Des comités citoyens locaux pourraient ensuite étudier ces informations et entendre les différents acteurs concernés : locataires, propriétaires, organismes communautaires, municipalités et constructeurs.
Les solutions pourraient ainsi varier d’un endroit à l’autre. Une municipalité pourrait décider de densifier certains quartiers, une autre d’accélérer ses processus d’autorisation, tandis qu’ailleurs la priorité pourrait être donnée au logement coopératif ou social.
Le parti résume cette philosophie par le principe de subsidiarité : une décision devrait être prise aussi près que possible des citoyens, tant que cette échelle possède réellement la capacité de l’appliquer.
Sherbrooke possède déjà sa propre politique
La proposition arrive également alors que Sherbrooke a commencé à renforcer ses propres interventions en habitation.
La Ville a adopté en 2025 sa première Politique de l’habitation, avec notamment l’objectif que 20 % du parc locatif sherbrookois soit éventuellement constitué de logements hors marché.
Dans son budget 2026, l’administration municipale a également prévu 10 millions de dollars pour soutenir le développement de logements sociaux et abordables.
Il existe donc déjà une certaine volonté d’adapter les interventions à la réalité locale.
La proposition de Démocratie Directe cherche toutefois à aller plus loin en faisant participer directement la population à l’établissement des priorités et au suivi des résultats.
Reste évidemment une limite importante : identifier localement les besoins ne fait pas apparaître automatiquement des logements.

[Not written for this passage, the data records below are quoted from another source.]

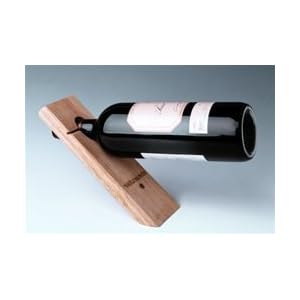 Gravity Defying Wine Bottle Stand - Wood, Single Bottle Holder by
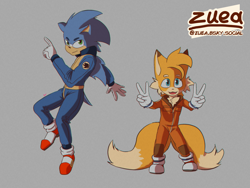 Size: 4000x3000 | Tagged: safe, artist:zuea, miles "tails" prower, sonic the hedgehog, fox, hedgehog, clothes, double v sign, duo, fur markings, grey background, looking at viewer, male, mid-air, pointing, redesign, signature, simple background, smile, smiling at viewer, standing, tracksuit, v sign, zip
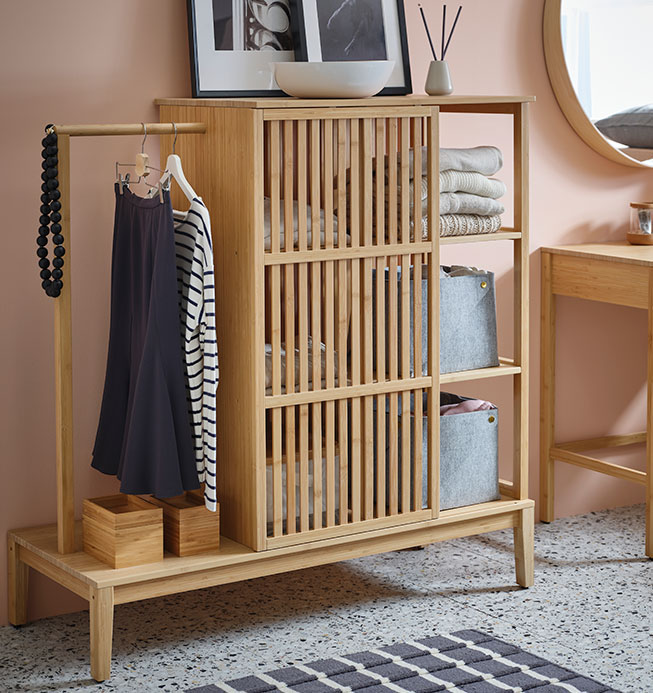 Open wardrobe with sliding door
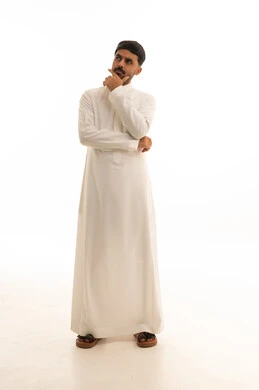 Saudi Man in White Thobe Thinking on White Background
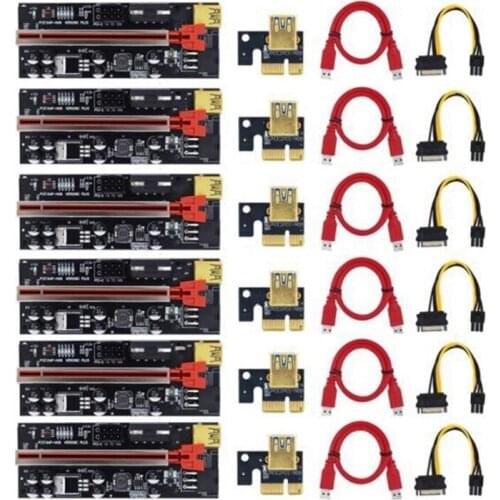 HOT-VER009C PLUS USB3.0 PCI-E Riser Express 1X to 16X Extender Riser Adapter Card SATA 15Pin to 6Pin Power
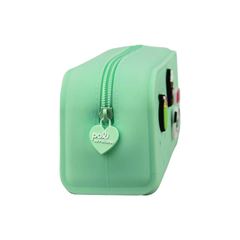 ESTOJO ESCOLAR POLIBRAS SILICONE CHARM VERDE PASTEL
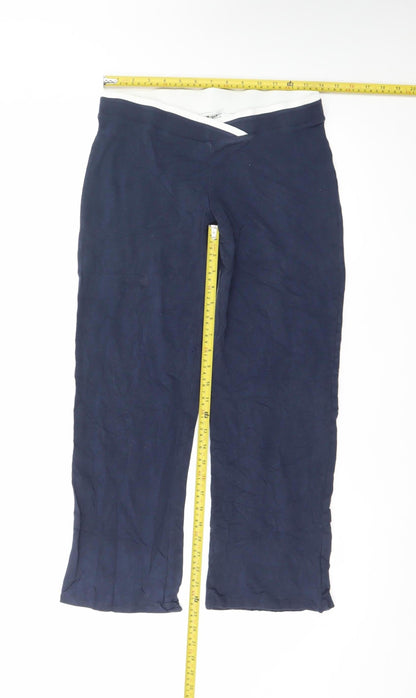 Marks and Spencer Women’s Blue Jersey Stretch Trousers UK 10 Short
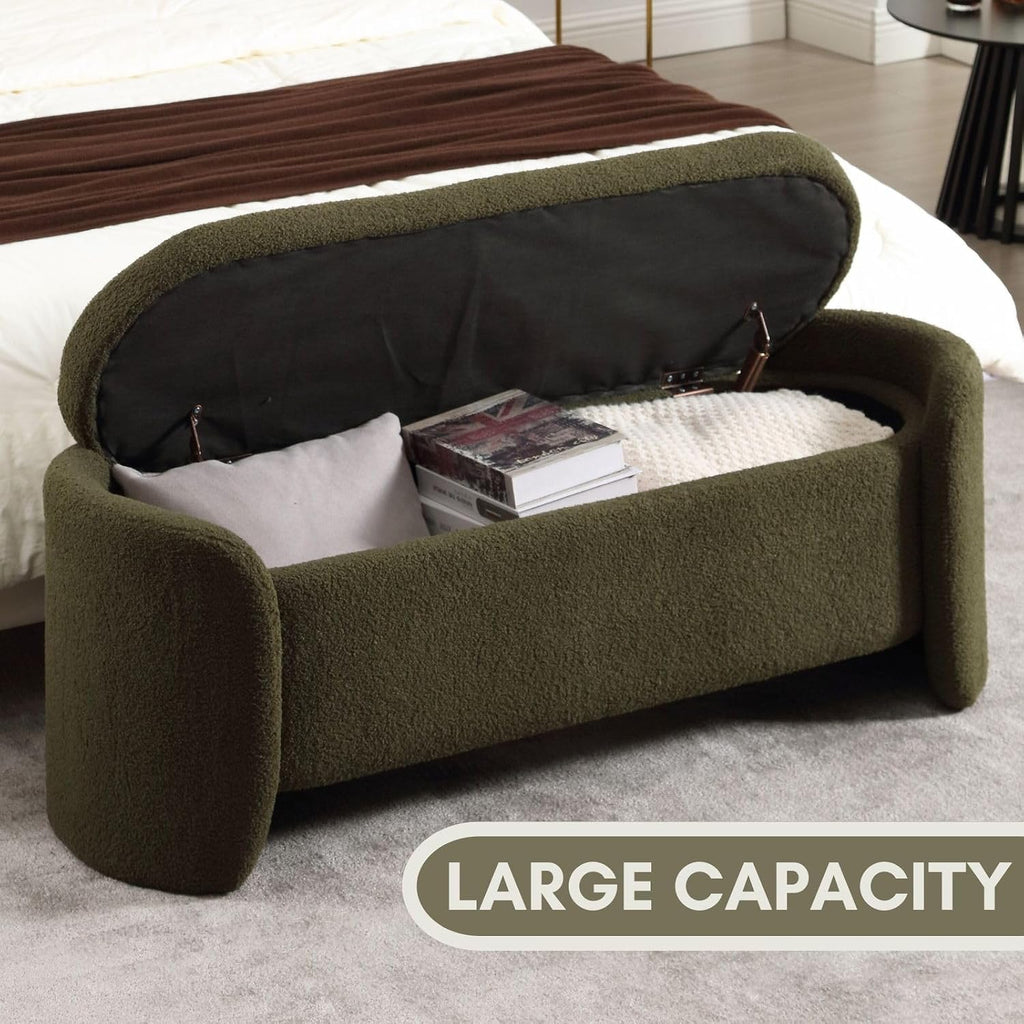 ROCTY Green Boucle Storage Bench - 50' Sherpa End of Bed Ottoman with Seating and Storage for Bedroom, Entryway, Living Room, Vanity or Makeup Room - Teddy Fabric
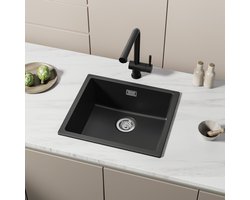 CECIPA max Spoelbak Keuken Zwart 50x44cm - Graniet Spoelbakken Keuken - Graniet spoelbak - Enkele spoelbak - Spoelbakken met Afdruip - Spoelbakken Aanrecht voor onderkasten vanaf 60 cm breed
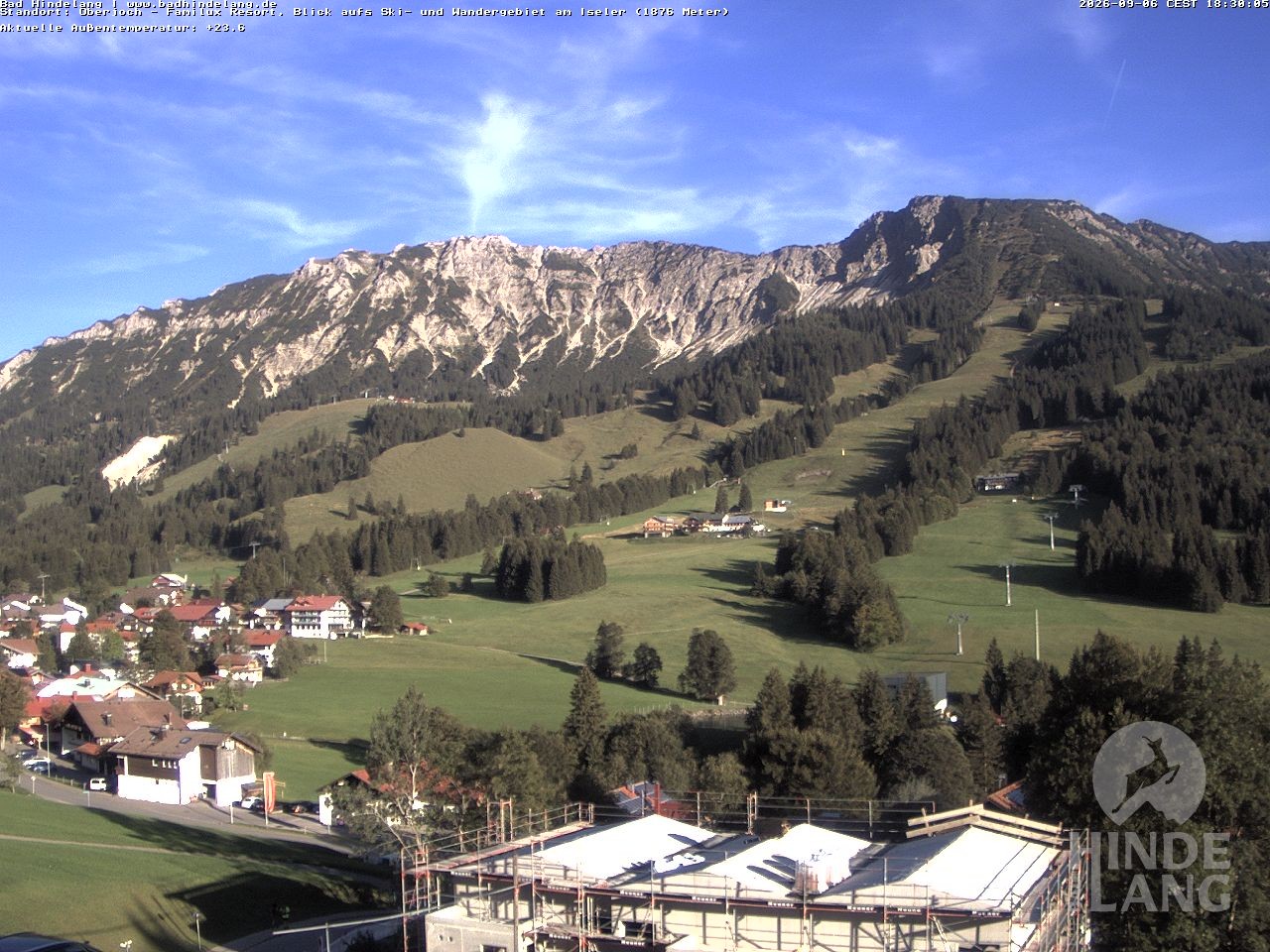 Archiv Foto Webcam Sicht vom Kinderhotel Oberjoch aus auf das Skigebiet gegenüber
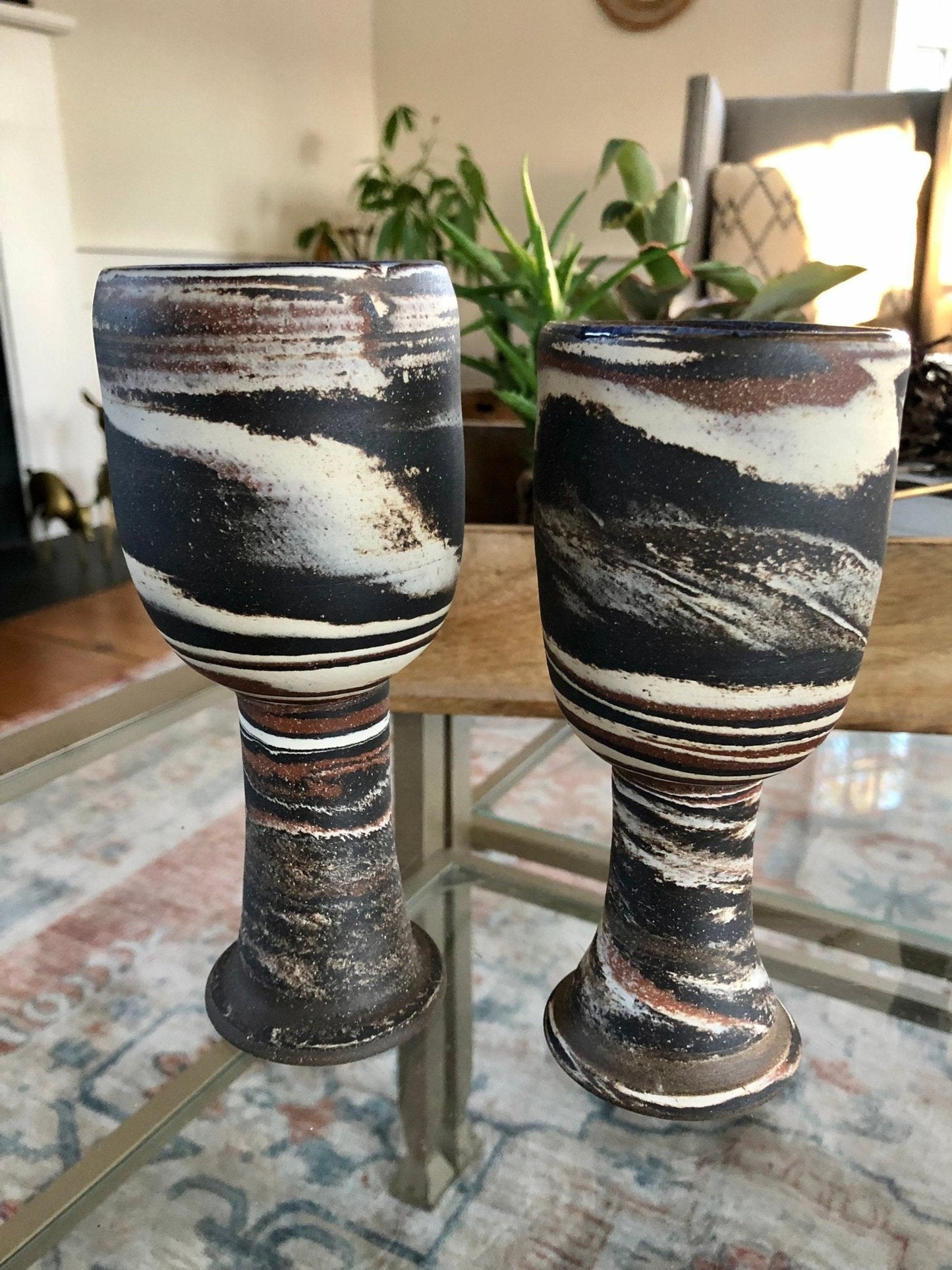 Vintage Pair of Studio Pottery Wine Glasses/ Goblets, Mid Century Pottery, Barware, Retro - Loom Vintage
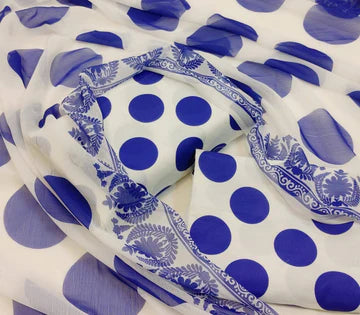 DIGITAL PRINTED SWISS LAWN 3pcs (UNSTICHED) (BLUE POLKA)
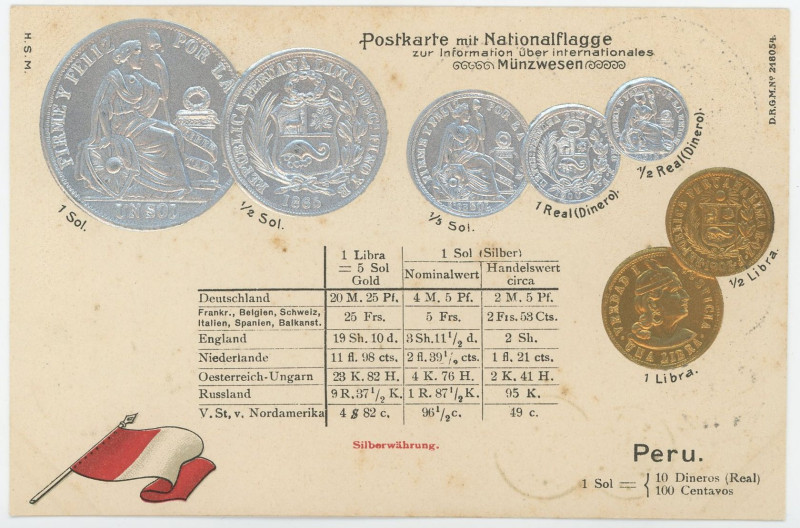 Germany Post Card "Coins of Peru" 1904 - 1912 (ND)

Peru Coinage Postcard; Cur...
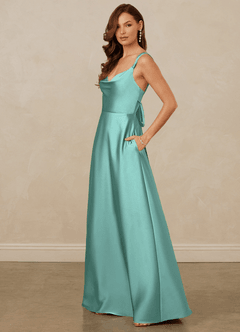 Christian Siriano Bridal for Azazie 1001 Brautjungfernkleider A-Linie Herzausschnitt Stretch-Satin Kleid Aqua image4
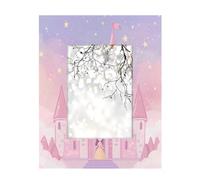 Cornice portafoto in legno da 12,7 x 17,8 cm, supporto da tavolo e da parete in legno, motivo castello delle principesse su sfondo rosa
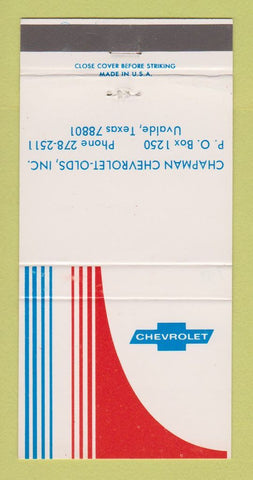 Matchbook Cover - Chapman Oldsmobile Uvalde TX 30 Strike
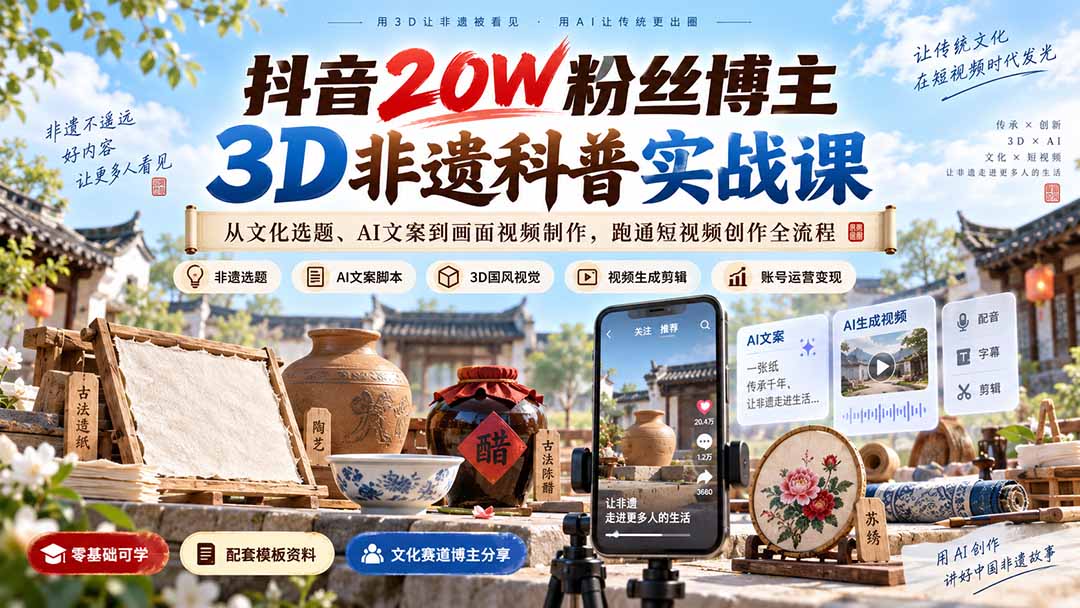 (20356期)抖音20W粉丝博主3D非遗科普实战课:从文化选题、AI文案到画面视频制作,跑通短视频创作全流程-赛德副业库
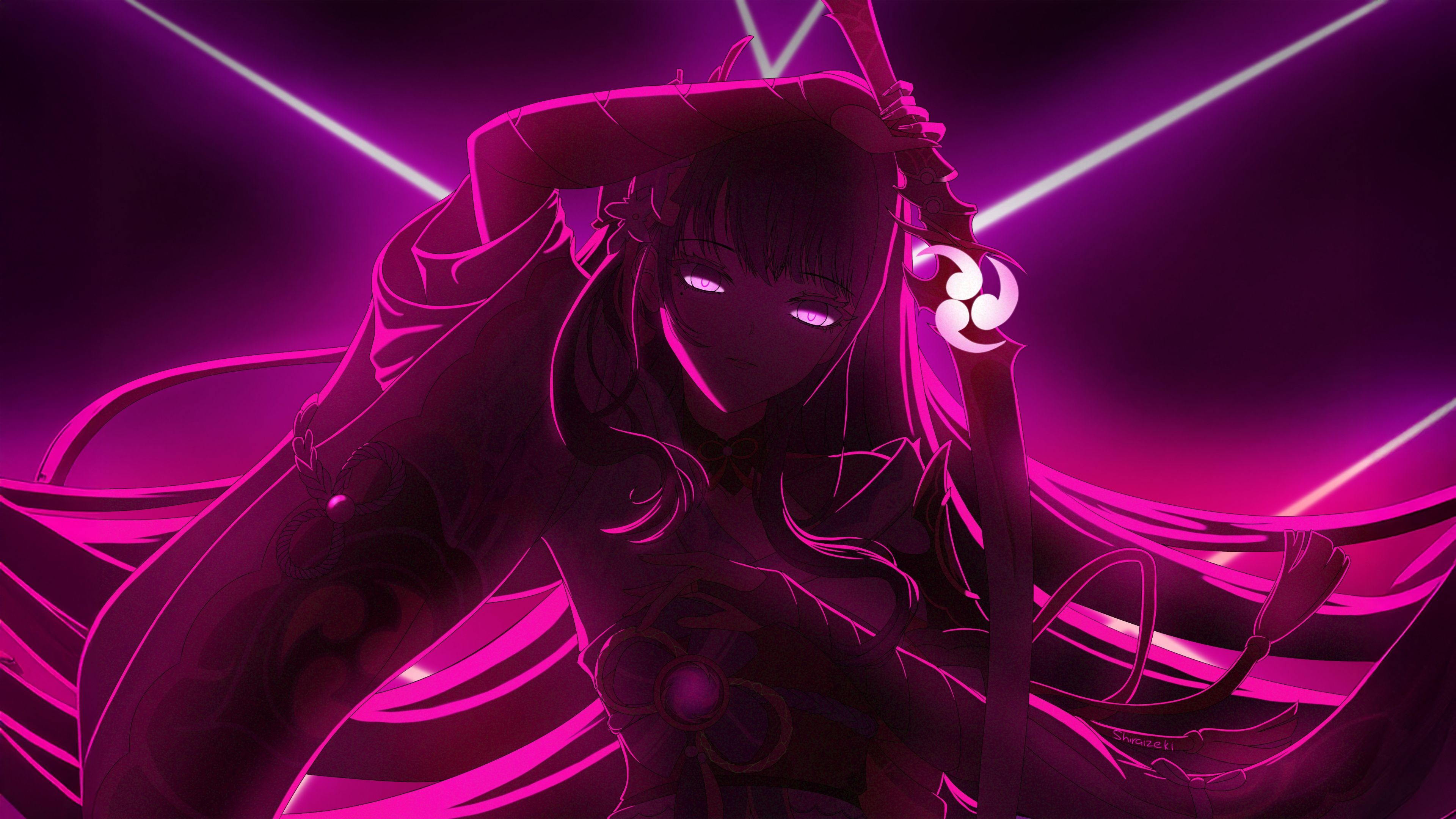 3840x2160 Raiden Shogun Wallpaper 4K, Neon art, Pink aesthetic
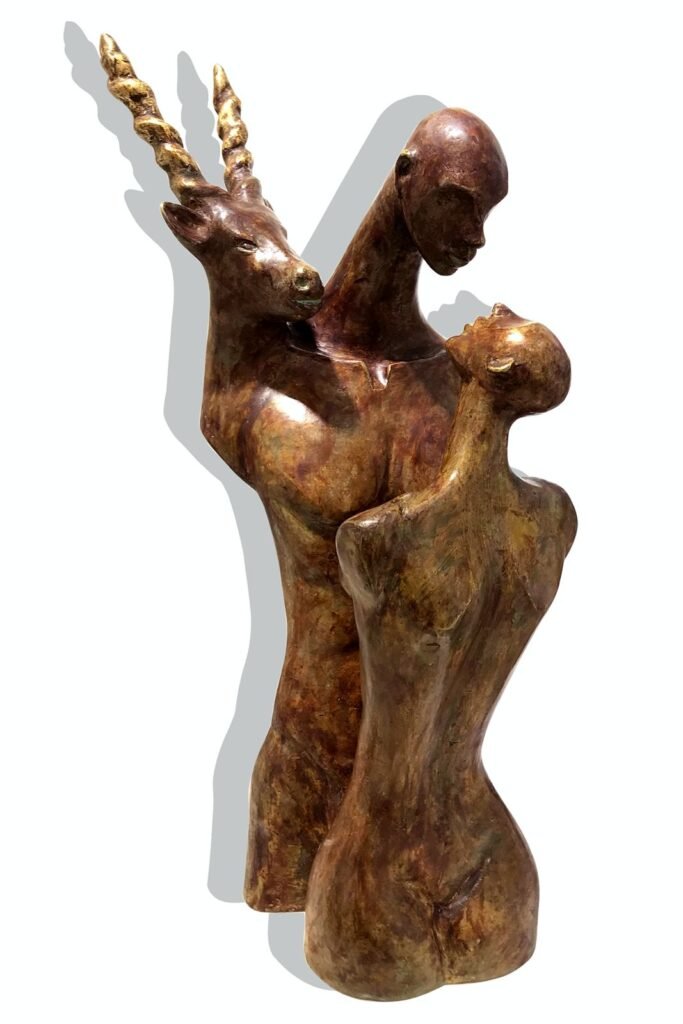 Title – Ecstasy Edition1 / Sculpture in Bronze / Size - 13"X15"X30"/ from Soaring Beyond the Self Series of year 2019 Sold– Dark Metallic effect Sculpture by Renuka Sondhi Gulati / Get it at Renuka the Designers - Exclusive Contemporary Art Gallery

Le financement, les coûts de construction, la disponibilité des terrains, la main-d’œuvre et les règles provenant des autres ordres de gouvernement demeurent des facteurs importants.
Mais sur un point, les données donnent certainement matière à réflexion : Sherbrooke, Montréal, Toronto et Vancouver peuvent toutes connaître des difficultés d’accès au logement sans pour autant connaître exactement la même crise.
Et lorsqu’on parle d’un toit où une personne devra réellement vivre, cette distinction est loin d’être simplement théorique.
Sources :
- Publication Facebook de Démocratie Directe sur la crise du logement et la subsidiarité, août 2026, texte transmis au Journal de Sherbrooke.
- Élections Québec — Registre des partis politiques autorisés et statistiques des candidatures aux élections générales de 2022.
- Société canadienne d’hypothèques et de logement — Portrait du marché de l’habitation de Sherbrooke, données 2025 et juin 2026.
- Association canadienne de l’immeuble — Statistiques du marché résidentiel de juin 2026 et prévisions pour 2026.
- Ville de Sherbrooke — Politique de l’habitation et budget municipal 2026.